Dataset records ▸
»»

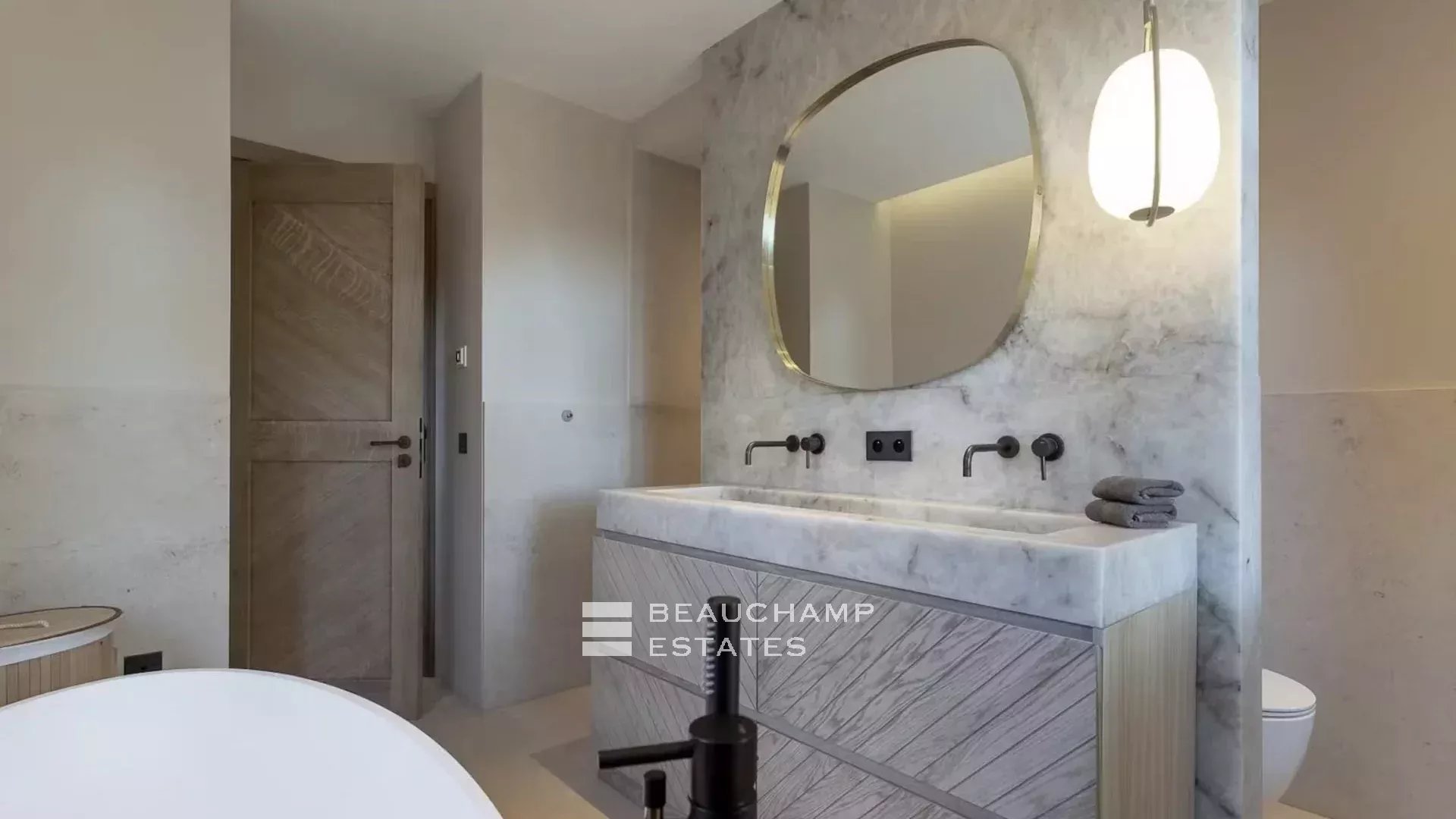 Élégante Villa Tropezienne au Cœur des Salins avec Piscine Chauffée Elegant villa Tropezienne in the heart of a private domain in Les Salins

««
»»

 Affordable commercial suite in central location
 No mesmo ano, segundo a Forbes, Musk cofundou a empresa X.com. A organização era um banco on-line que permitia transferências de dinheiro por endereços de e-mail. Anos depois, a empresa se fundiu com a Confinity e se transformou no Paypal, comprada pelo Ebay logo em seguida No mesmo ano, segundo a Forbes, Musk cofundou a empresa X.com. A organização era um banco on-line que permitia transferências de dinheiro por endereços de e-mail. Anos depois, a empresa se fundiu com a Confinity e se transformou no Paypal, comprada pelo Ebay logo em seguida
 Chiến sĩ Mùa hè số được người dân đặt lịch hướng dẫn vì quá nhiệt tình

««
»»

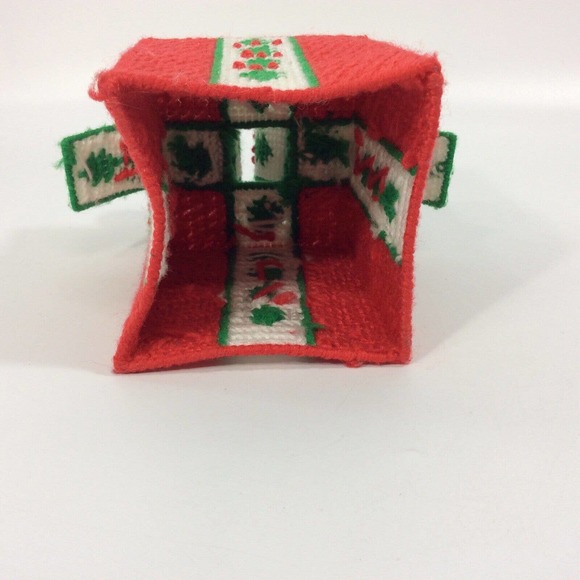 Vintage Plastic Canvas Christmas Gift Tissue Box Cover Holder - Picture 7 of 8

««

What the exercise asks ▸
Please copy the lines in the records above between the one holding "em seguida No" and the one holding "Chiến sĩ Mùa", inclusive, exactly and with no other line.

Expected answer ▸
 No mesmo ano, segundo a Forbes, Musk cofundou a empresa X.com. A organização era um banco on-line que permitia transferências de dinheiro por endereços de e-mail. Anos depois, a empresa se fundiu com a Confinity e se transformou no Paypal, comprada pelo Ebay logo em seguida No mesmo ano, segundo a Forbes, Musk cofundou a empresa X.com. A organização era um banco on-line que permitia transferências de dinheiro por endereços de e-mail. Anos depois, a empresa se fundiu com a Confinity e se transformou no Paypal, comprada pelo Ebay logo em seguida
 Chiến sĩ Mùa hè số được người dân đặt lịch hướng dẫn vì quá nhiệt tình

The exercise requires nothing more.